As few as 20 thousand people, the remnants of the pre-war 3 million Jewish population, live in Poland today - including the tiny community in southern city of Kraków. They want to save their cultural heritage for posterity. But the revival hasn't been easy

Young skinheads shouting: "Jews out! Poland for Poles!" in Kraków, just a few streets away from the historic Jewish district of Kazimierz. These skinheads may have never met a Jew, as most Polish Jews were wiped out during the Holocaust, and the rest were encouraged to leave Poland under communism.

65 thousand Jews lived in Kraków before World War Two. For several centuries, the district of Kazimierz, where the famous movie SCHINDLER'S LIST was shot, had been a cultural, economic and religious centre of Polish Jewry. Henryk Halkowski, a Jewish intellectual living Kraków says everything was destroyed during the Holocaust:

"The Germans made Kraków the capital of occupied Poland. The Nazi governor Hans Frank wanted to make Kraków a Jew-free city so he expelled around 50 thousand local Jews to neighbouring towns. The remaining 16 thousand were crammed into a ghetto in 1943. The Nazis gradually selected those able to work and put them in the labour camp in nearby P?aszów. The rest were sent to the death camps of Auschwitz and Belzec."
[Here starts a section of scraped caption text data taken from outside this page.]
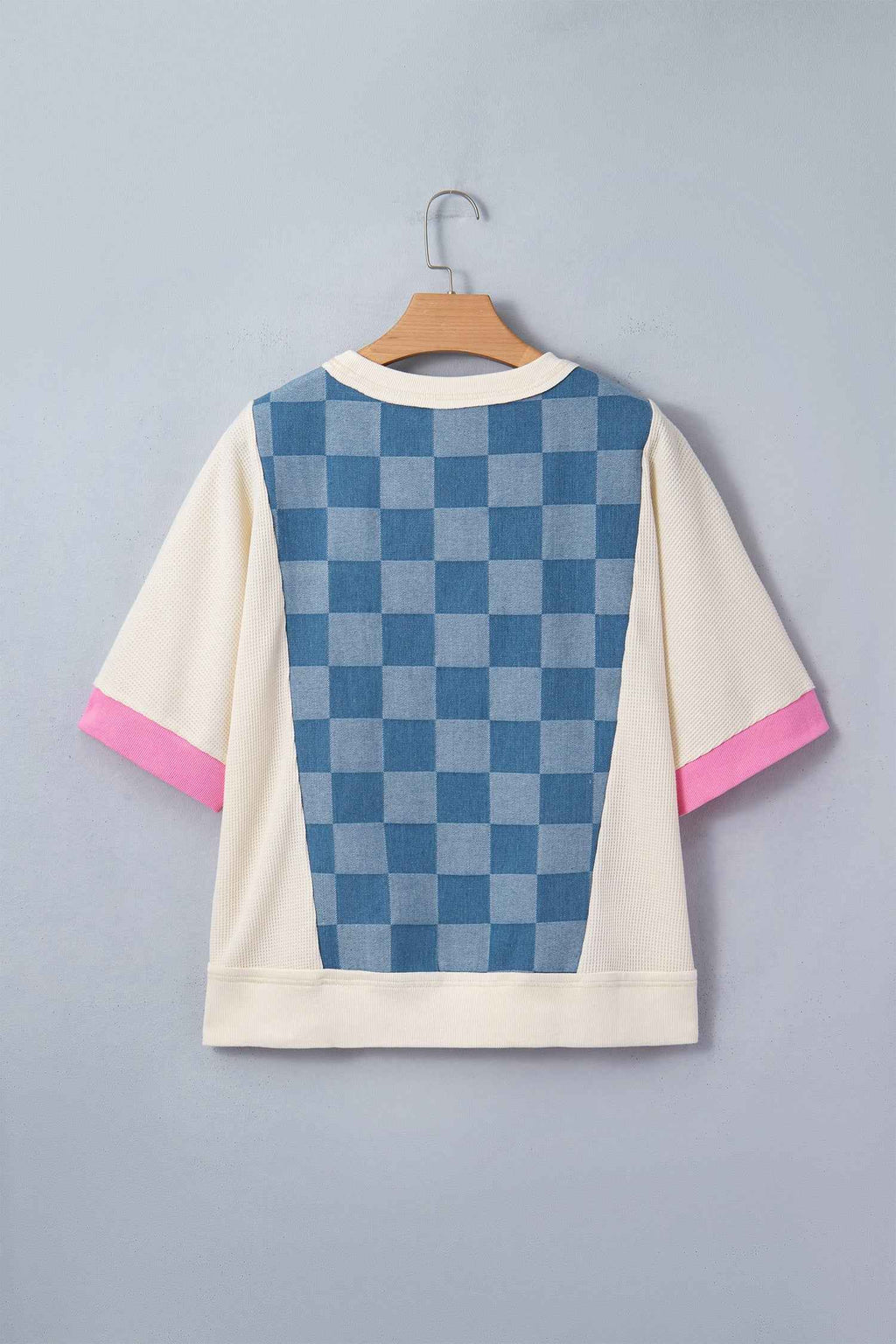 Dusk Blue Checkered Denim Patchwork Short Sleeve Loose Top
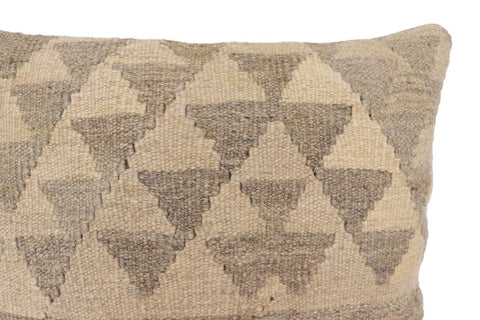 handmade Traditional Pillow Beige Gray Hand-Woven SQUARE 100% WOOL Hand woven turkish pillow2 x 2
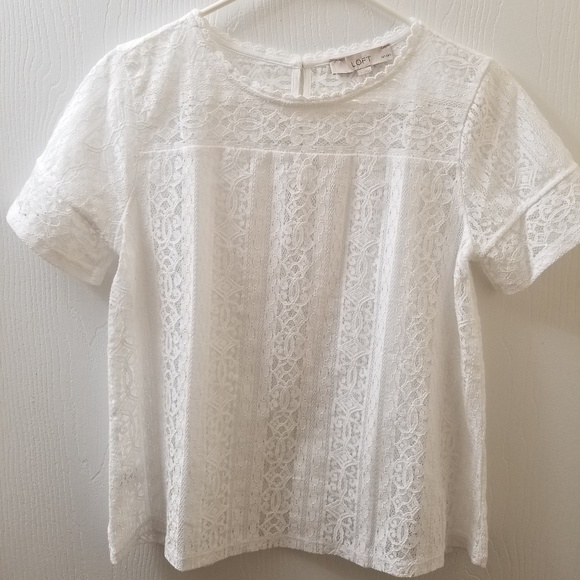 loft white lace top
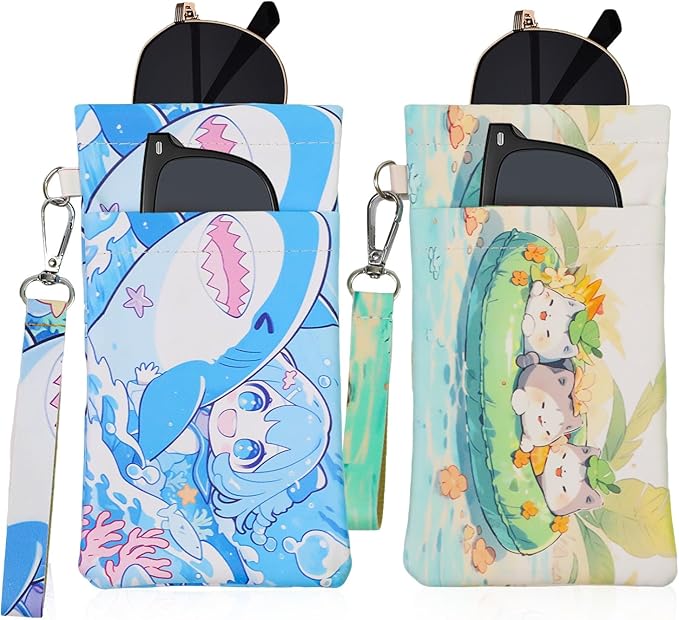 Double Eyeglass Case Soft Dual Glasses Case for Women Men Travel Squeeze Top Sunglasses Cases Eyeglasses Pouch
Jan Lieban, the custodian of one of Kraków's two surviving synagogues, was one of the lucky few to stay alive because he was placed on Oskar Schindler's list.

"Me and fifty other young Jews were saved by Oscar Schindler in 1944 when we were about to perish in the camp of Gross-Rosen. He pulled us out of a bread queue, took us to a Czech factory where we worked till the end of the war."

5 thousand Jewish people returned to Kraków after the war. Some emigrated later because of anti-Jewish witch-hunts under communism. Today the Krakow Jewish community officially only numbers 150 people. Yet, after decades of neglect under communism their ancestral Kazimierz district, once studded with architectural gems, is being rejuvenated, largely thanks to the Jewish Cultural Centre based the. Its head Robert Gondek says the centre's mission is to preserve Poland's Jewish heritage and to show Poles how to be more tolerant.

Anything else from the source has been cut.